Getting back to school
After finishing treatment, Michael was anxious to get back to school. He returned to campus the summer of 2018. This time, he had a new perspective – and an interest in oncology.
Michael became involved on campus. He was named one of the Mortar Board Senior Honor Society top 50 seniors at the university going into his last semester. He was also asked to be the Honors College banner bearer for graduation.
But one of his proudest moments was his acceptance to Texas College of Osteopathic Medicine at The University of North Texas Health Science Center at Fort Worth.
Focus on the future
Because he chose limb-salvage surgery, Michael sometimes feels discomfort in his right leg. But he’s still able to do some many of the activities he enjoys, like hiking and camping.
He’s going into his second year of medical school and is the incoming president of his campus’ chapter of the Christian Medical Association, where he participates in mission trips, offering free clinics to underserved communities. He hopes to land an internal medicine residency that will help him reach his goal of becoming an oncologist.

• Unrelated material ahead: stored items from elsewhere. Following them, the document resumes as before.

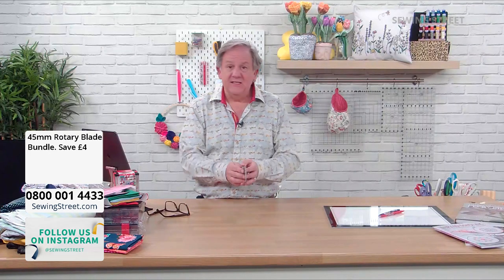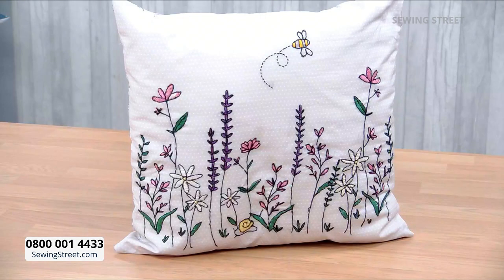We're going for a break now - Janice is up after the break. She's making the Hedgerow cushion - we've got three panels exclusive to Sewing Street. You don't have to embroider yours, Janice has embroidered hers. See you right here in three minutes.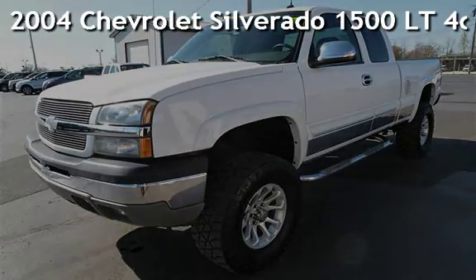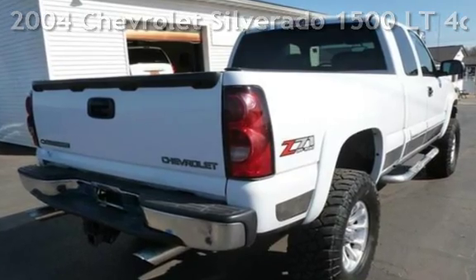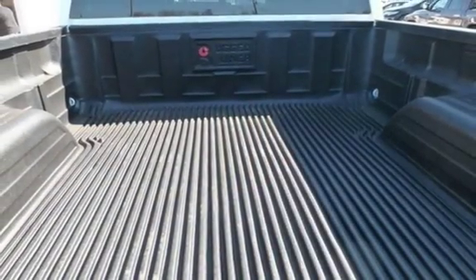Presenting a pre-owned 2004 Chevrolet Silverado 1500LT. This four-door truck has an eight-cylinder, 5.3-liter V8 engine, with four-wheel drive and an automatic transmission.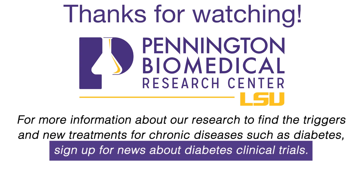For more information about our research to find the triggers and new treatments for chronic diseases such as diabetes, sign up for news about diabetes clinical trials. Thanks for watching, from your friends at Pennington Biomedical Research Center.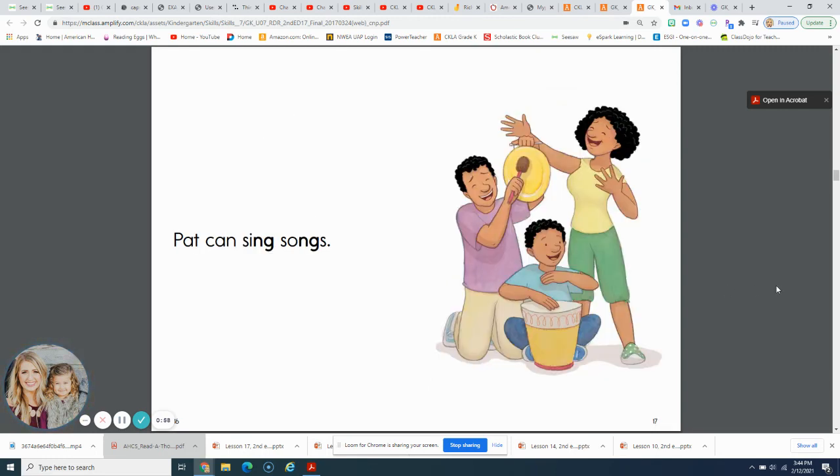Now, if you would like a turn to read this, go back to the start of this video and just turn my voice down so you can have a chance to read Seth's Mom.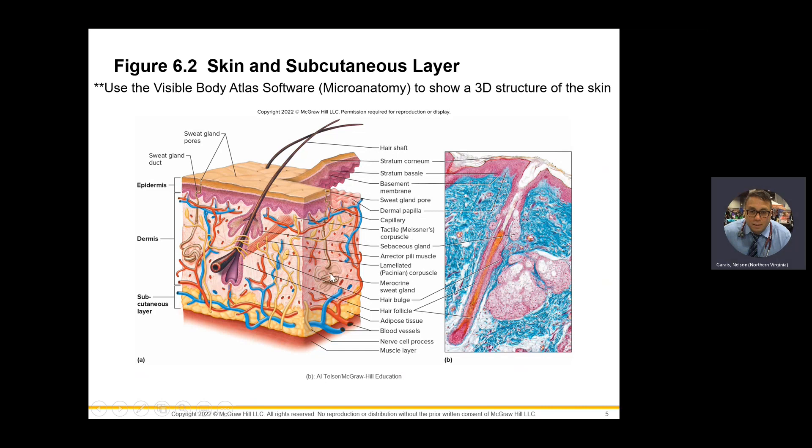Here you have a merocrine sweat gland. Remember from the last lecture: merocrine, apocrine, and holocrine. Merocrine is the type that will secrete sweat. There is adipose tissue in the subcutaneous layer, and of course lots of arteries and veins at that level. Underneath everything is your muscle layer.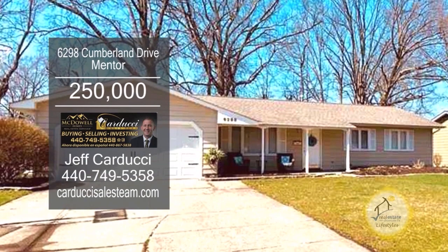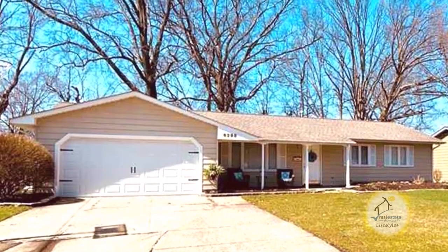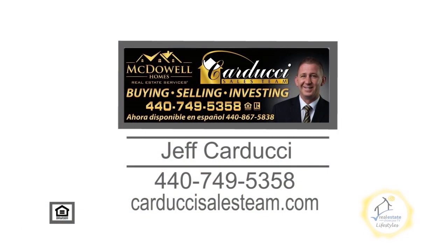The neighborhood offers a community pool, library, parks, and more. Contact Jeff Carducci for more details.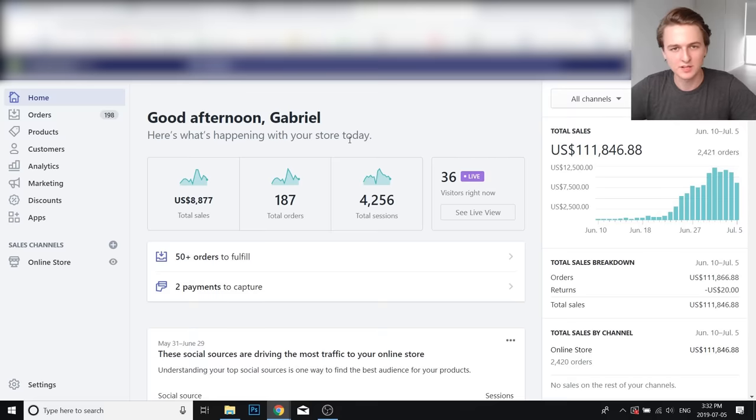Hey everyone, Gabriel here. In this video, I'm going to be doing a case study on a new store that I've been working on that I launched just last month. In 25 days, I've been able to scale it to over $100,000 in sales, and this was all with Facebook ads. I'm going to be giving you an in-depth overview of everything that I've done so far in order to achieve this.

Michael keeps these goals in mind while reminding himself of what he’s been through, why he continues to chase his dreams and who’s been there for him along the way.
“I try to focus on those core values, those takeaways from that journey,” Michael said. “I try to still appreciate my life as a gift that’s been given to me. I have to turn back and have this outlook, and I want to carry it forward.”